Nanoporous materials discovery for energy and environmental applications using machine learning

Abstract

Nanoporous materials such as zeolites, metal-organic frameworks (MOFs), and covalent organic structures (COFs) are widely used in the fields of gas separation/storage, sensor, catalyst, battery due to their high surface area and tunability. Because of the importance of the porous materials, millions of porous structures have been synthesized experimentally and virtually in recent decades. Various studies have been conducted in the past few years to use machine learning in material science due to the rapid advances of machine learning. However, while machine learning is actively applied to the field of drugs and inorganic solids, The study on machine learning for porous materials remains relatively early stage.

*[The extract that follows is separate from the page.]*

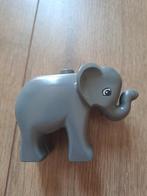 Lego Duplo Olifant dombo dumbo  dierentuin, Ophalen of Verzenden, Zo goed als nieuw, Beeldje of Figuurtje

In this thesis, we have studied the methodology to develop porous materials that can be used for energy and environmental applications by using molecular simulation and machine learning. In the first, we predict the limits of methane adsorption capacity of zeolite by using the energy shape obtained from molecular simulation and the generative adversarial network (GAN). The study showed that the GAN can predict the performance limits of methane adsorption in zeolite without the information of high performing zeolites. In the second, we have generated zeolite structures by using energy/material shape calculated from molecular simulation and GAN. The study showed that the GAN can generate appropriate zeolite structures and also conditionally generate zeolite structures with the user-desired properties.